Will give an error like `Operator ">" not supported for types "T@where" and "Literal[3]"` on the lambda body, even though the type of `x` is fully specified through `source`. 

To circumvent this, you can expicitly specify its type: `where[int](lambda x: ...)`. This also gives you autocompletion on `x` in the lambda body.

Alternatively, you can explicitly define the function instead of writing a lambda:
```
def func(x: int) -> bool:
    return x > 3


filtered = source | where(func)
```
Although this hampers the readability of the functional style that the `iterable-extensions` package aims to provide.

Note that the type annotations are only for static checkers. You can ignore these errors and the code will still run fine.


## How to read `Extension[TIn, **P, TOut]`

In the API reference, you'll notice that all extension methods inherit from `Extension[TIn, **P, TOut]`. This class is the core of the `extensionsmethods` package ([https://pypi.org/project/extensionmethods/](https://pypi.org/project/extensionmethods/)). It provides the basic `|`-operator functionality.

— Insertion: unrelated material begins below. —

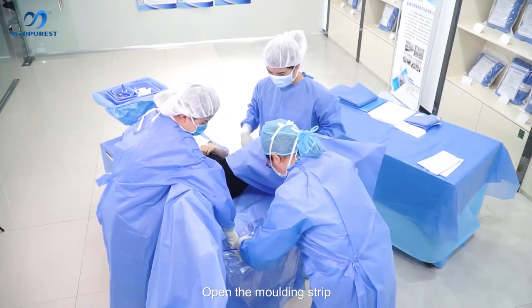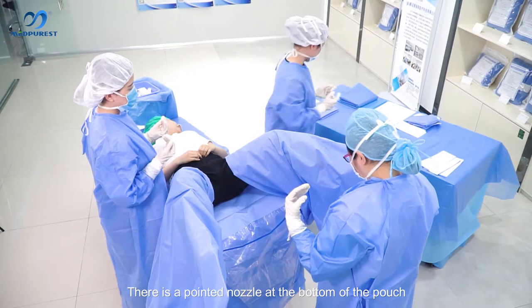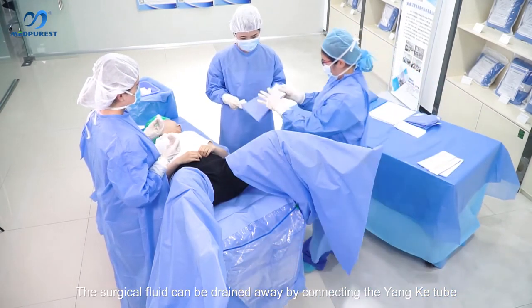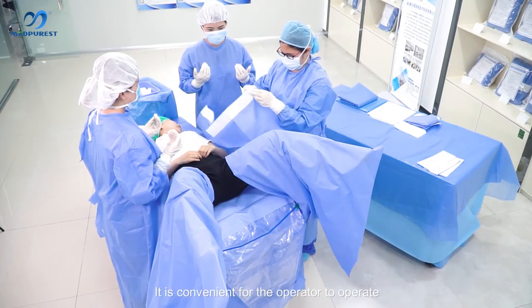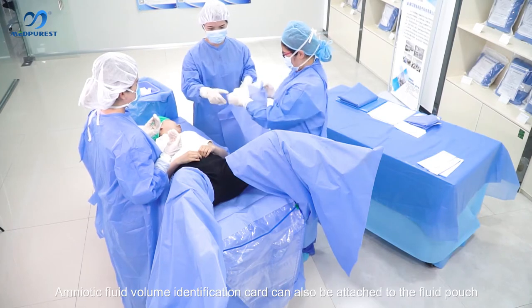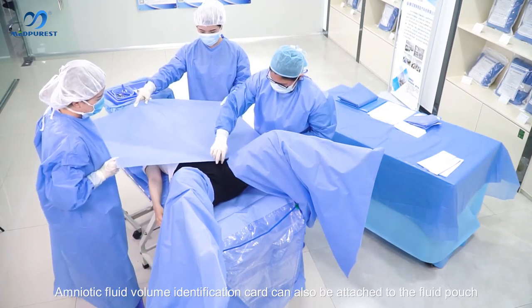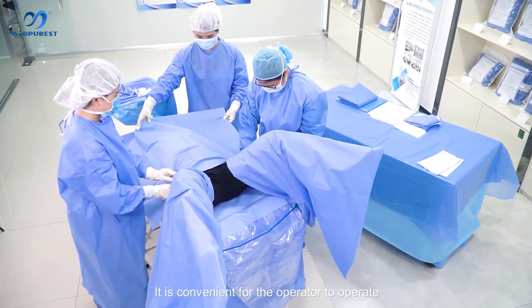Open the molding strip. There is a pointed nozzle at the bottom of the punch; surgical fluid can be drained away by connecting the Yankee tube, which is convenient for the operator. An amniotic fluid identification card can also be attached to the fluid punch for the operator's convenience.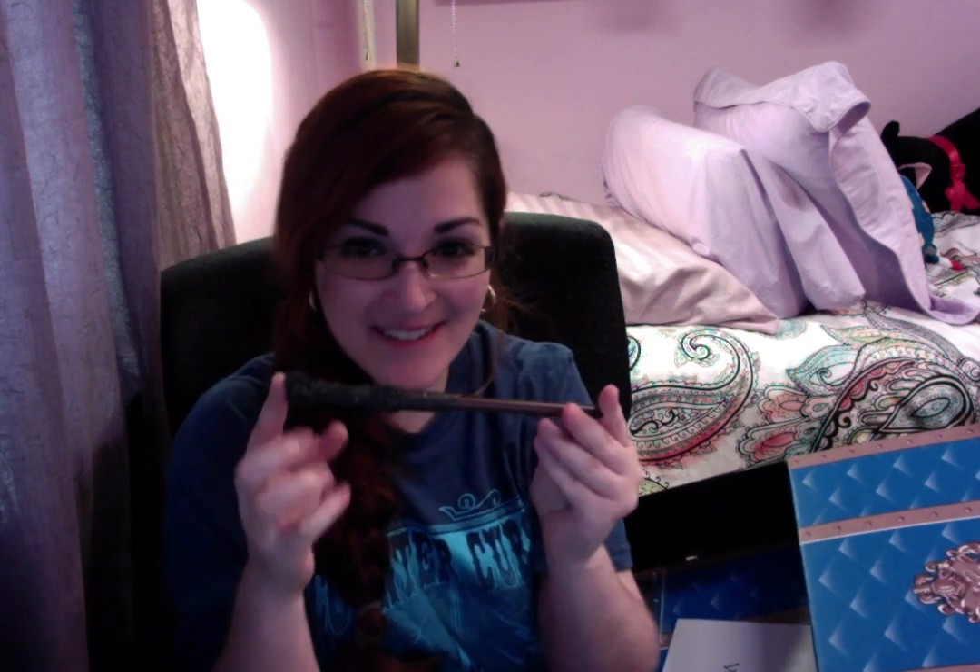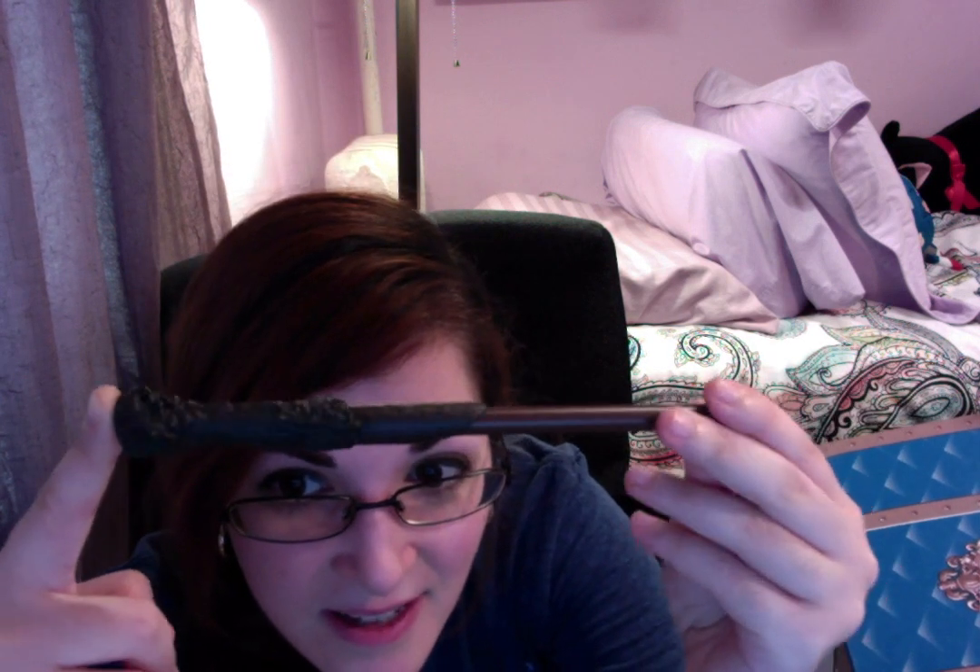And I see another wand pen! This is like last time. Whose is this? Last time it was Snape's. Let me see — it says Harry Potter on there! I didn't register it at first because I thought it was just the brand name, but no — it's Harry's wand! So this is Harry's wand pen. We got Snape's last time, now we get Harry's.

The `Extension` class has two type parameters and a paramspec:

- `TIn`: The type that the extension is defined to operate on.
- `**P`: Arbitrary number of arguments that the extension method may take.
- `TOut`: The type of the return value of the extension method.

For example, looking at the signature of `select`:
```
class select[TIn, TOut](
    Extension[
        Iterable[TIn],
        [Callable[[TIn], TOut]],
        Iterable[TOut]
    ]
): ...
```
we see that:

- `TIn` = `Iterable[TIn]`. `select` is defined to operate on iterables of an arbitrary input type.
- `**P` = `[Callable[[TIn], TOut]]`. `select` requires a mapping function as a parameter.
- `TOut` = `Iterable[TOut]`. `select` returns an iterable of an arbitrary output type.

For example:
```py
source: list[int] = [1, 2, 3, 4]

# Allowed. Inputs ints, outputs strings.
source | select[int, str](lambda: str(x)) 

# Not allowed. Expects strings as inputs, but ints are given.
source | select[str, str](lambda: str(x)) 

# Not allowed. Excepts ints as output, but the lambda returns strings.
source | select[int, int](lambda: str(x)) 
```

## Installation

Using pip:
```
pip install iterable-extensions
```

Using uv:
```
uv add iterable-extensions
```

## License

This project is licensed under the MIT License. See the `LICENSE` file for details.